Attention Visualization

from bsbr.utils.visualization import visualize_attention

def analyze_attention_patterns(model, input_ids):
    """Analyze attention patterns in the model."""
    # Get attention weights
    attention_weights = model.get_attention_weights(input_ids)

    # Visualize attention patterns
    plt.figure(figsize=(12, 8))
    visualize_attention(attention_weights)
    plt.title('Attention Patterns')
    plt.show()

    # Analyze sparsity
    sparsity = (attention_weights == 0).float().mean()
    print(f"Attention sparsity: {sparsity:.2%}")

# Compare attention patterns across models
models = {
    'BSBR': BSBRModel(...),
    'Linear': LinearTransformer(...),
    'Standard': StandardTransformer(...)
}

for name, model in models.items():
    print(f"\nAnalyzing {name} attention patterns:")
    analyze_attention_patterns(model, input_ids)

Scaling Analysis

from bsbr.evals import scaling_analysis

def analyze_scaling_behavior():
    """Analyze how different models scale with sequence length."""
    seq_lengths = [64, 128, 256, 512, 1024, 2048]
    models = ['BSBR', 'Linear', 'Standard']

    results = scaling_analysis(
        seq_lengths=seq_lengths,
        models=models,
        metrics=['time', 'memory', 'flops']
    )

    # Plot scaling curves
    plt.figure(figsize=(12, 4))

    # Time scaling
    plt.subplot(131)
    for model in models:
        plt.plot(seq_lengths, results[model]['time'], label=model)
    plt.xlabel('Sequence Length')
    plt.ylabel('Time (s)')
    plt.title('Time Scaling')
    plt.legend()

    # Memory scaling
    plt.subplot(132)
    for model in models:
        plt.plot(seq_lengths, results[model]['memory'], label=model)
    plt.xlabel('Sequence Length')
    plt.ylabel('Memory (GB)')
    plt.title('Memory Scaling')
    plt.legend()

    # FLOPs scaling
    plt.subplot(133)
    for model in models:
        plt.plot(seq_lengths, results[model]['flops'], label=model)
    plt.xlabel('Sequence Length')
    plt.ylabel('FLOPs')
    plt.title('FLOPs Scaling')
    plt.legend()

    plt.tight_layout()
    plt.show()

Custom Research Experiments

from bsbr.utils.research import ExperimentRunner

class CustomExperiment(ExperimentRunner):
    """Custom research experiment."""

    def setup(self):
        """Setup experiment parameters."""
        self.models = {
            'BSBR': BSBRModel(...),
            'Linear': LinearTransformer(...),
            'Standard': StandardTransformer(...)
        }
        self.seq_lengths = [64, 128, 256, 512, 1024]
        self.metrics = ['time', 'memory', 'accuracy']

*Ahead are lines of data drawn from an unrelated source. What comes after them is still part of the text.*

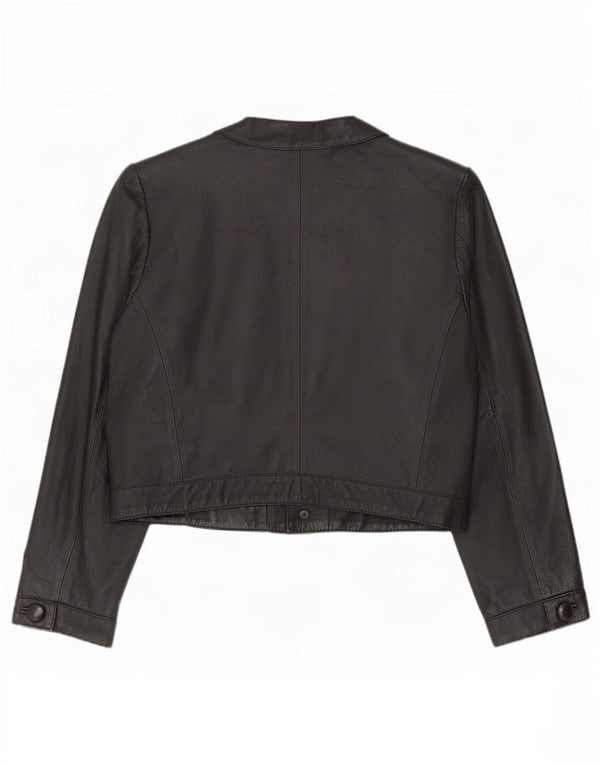 Giacca Bolero vintage oversize in pelle da donna IT 40 piccola nera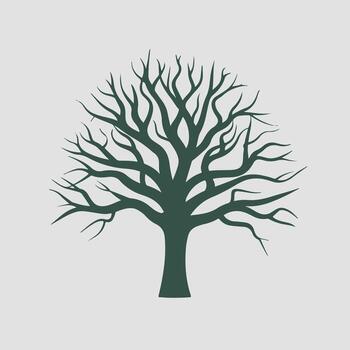 A tree with no leaves on a gray background vector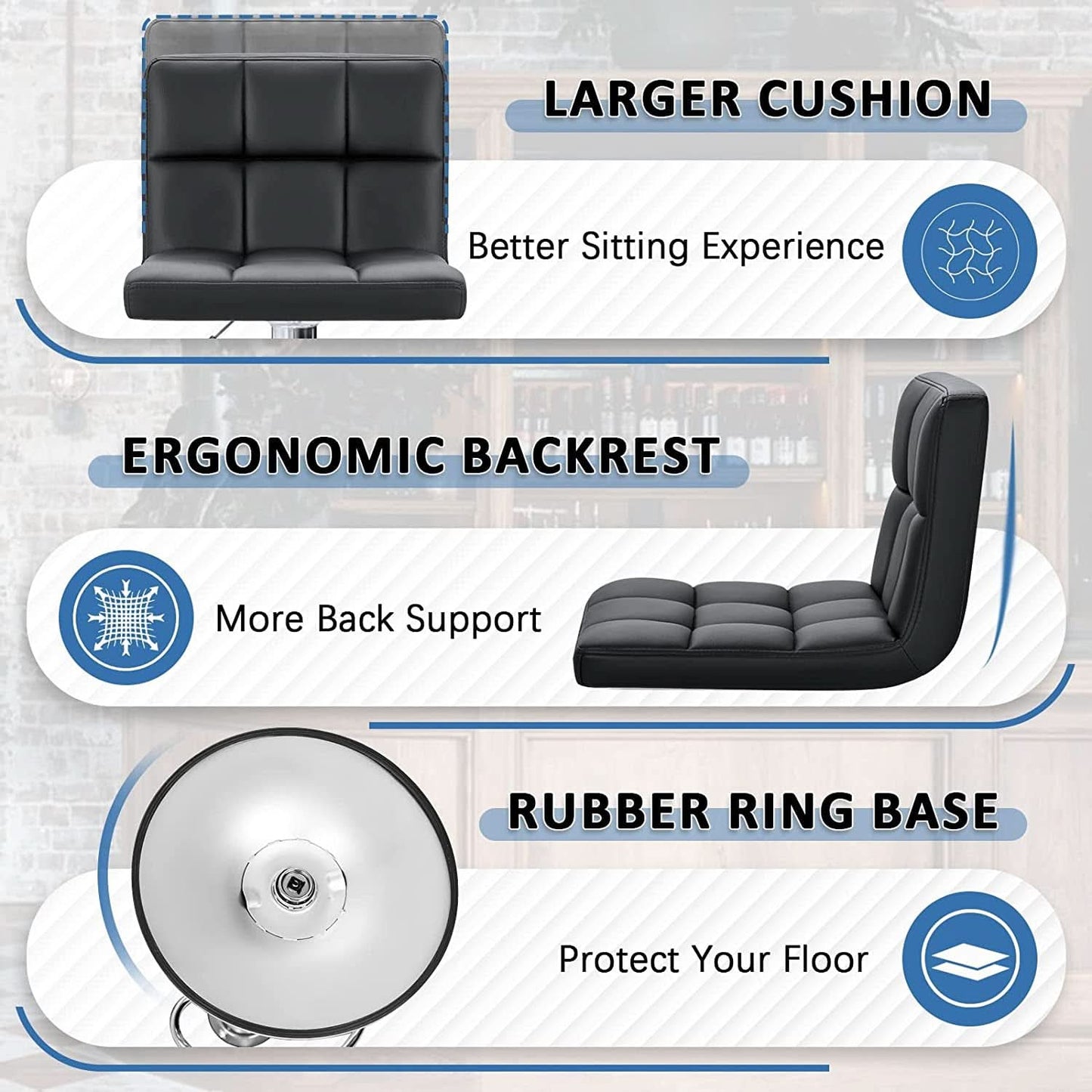 Black PU Leather Adjustable Swivel Bar Stools Set Of 2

    def run_experiment(self, model, seq_length):
        """Run single experiment."""
        # Generate input
        input_ids = torch.randint(0, 10000, (1, seq_length))

        # Measure metrics
        start_time = time.time()
        outputs = model(input_ids)
        inference_time = time.time() - start_time

        memory_usage = torch.cuda.max_memory_allocated() / 1024**2

        # Calculate accuracy (example)
        accuracy = self.calculate_accuracy(outputs)

        return {
            'time': inference_time,
            'memory': memory_usage,
            'accuracy': accuracy
        }

    def analyze_results(self, results):
        """Analyze experiment results."""
        # Custom analysis code
        pass

# Run experiment
experiment = CustomExperiment()
results = experiment.run()
experiment.analyze_results(results)